╭──

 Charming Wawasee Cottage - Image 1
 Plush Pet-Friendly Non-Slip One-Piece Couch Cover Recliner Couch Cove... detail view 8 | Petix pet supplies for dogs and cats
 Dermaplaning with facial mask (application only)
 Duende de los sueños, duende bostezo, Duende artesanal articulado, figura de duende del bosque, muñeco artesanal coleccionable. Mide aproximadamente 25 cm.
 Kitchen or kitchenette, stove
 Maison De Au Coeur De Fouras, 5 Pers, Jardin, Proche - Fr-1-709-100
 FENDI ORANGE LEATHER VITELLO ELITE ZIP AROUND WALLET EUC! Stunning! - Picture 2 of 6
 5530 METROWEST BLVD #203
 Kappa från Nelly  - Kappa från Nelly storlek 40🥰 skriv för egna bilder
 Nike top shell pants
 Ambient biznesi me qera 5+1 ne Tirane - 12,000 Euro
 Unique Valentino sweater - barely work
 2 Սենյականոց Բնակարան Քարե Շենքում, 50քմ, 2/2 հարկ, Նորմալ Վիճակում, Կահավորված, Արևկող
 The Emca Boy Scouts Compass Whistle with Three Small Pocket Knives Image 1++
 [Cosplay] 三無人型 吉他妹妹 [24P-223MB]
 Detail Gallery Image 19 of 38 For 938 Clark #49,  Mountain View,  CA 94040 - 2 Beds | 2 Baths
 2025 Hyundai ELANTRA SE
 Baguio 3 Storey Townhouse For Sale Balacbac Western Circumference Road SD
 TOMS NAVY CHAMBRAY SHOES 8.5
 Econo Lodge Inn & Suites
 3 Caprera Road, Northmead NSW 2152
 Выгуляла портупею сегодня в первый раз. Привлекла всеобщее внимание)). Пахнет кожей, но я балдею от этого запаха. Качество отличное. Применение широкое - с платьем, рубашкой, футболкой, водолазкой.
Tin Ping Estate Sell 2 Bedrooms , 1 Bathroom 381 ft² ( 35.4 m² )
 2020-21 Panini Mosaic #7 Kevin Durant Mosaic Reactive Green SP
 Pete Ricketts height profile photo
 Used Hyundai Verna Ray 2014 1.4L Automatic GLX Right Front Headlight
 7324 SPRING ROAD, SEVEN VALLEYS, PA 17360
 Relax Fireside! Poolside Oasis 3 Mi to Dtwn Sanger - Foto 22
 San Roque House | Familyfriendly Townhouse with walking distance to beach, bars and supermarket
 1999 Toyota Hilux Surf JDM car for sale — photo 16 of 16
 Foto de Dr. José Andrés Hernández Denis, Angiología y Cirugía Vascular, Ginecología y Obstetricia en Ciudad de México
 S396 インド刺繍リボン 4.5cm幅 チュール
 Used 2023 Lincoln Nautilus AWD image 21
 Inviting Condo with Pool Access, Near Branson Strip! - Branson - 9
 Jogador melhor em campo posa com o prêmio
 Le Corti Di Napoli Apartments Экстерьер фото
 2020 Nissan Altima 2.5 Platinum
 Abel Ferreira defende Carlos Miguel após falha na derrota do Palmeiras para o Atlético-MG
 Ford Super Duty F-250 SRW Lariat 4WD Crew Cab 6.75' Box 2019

╰──

▶ WHAT YOU SHOULD DO
Quote the records from their first line to the line with "Kitchen or kitchenette, stove", inclusive, without adding or dropping anything.

▶ ANSWER FOR THE TASK
 Charming Wawasee Cottage - Image 1
 Plush Pet-Friendly Non-Slip One-Piece Couch Cover Recliner Couch Cove... detail view 8 | Petix pet supplies for dogs and cats
 Dermaplaning with facial mask (application only)
 Duende de los sueños, duende bostezo, Duende artesanal articulado, figura de duende del bosque, muñeco artesanal coleccionable. Mide aproximadamente 25 cm.
 Kitchen or kitchenette, stove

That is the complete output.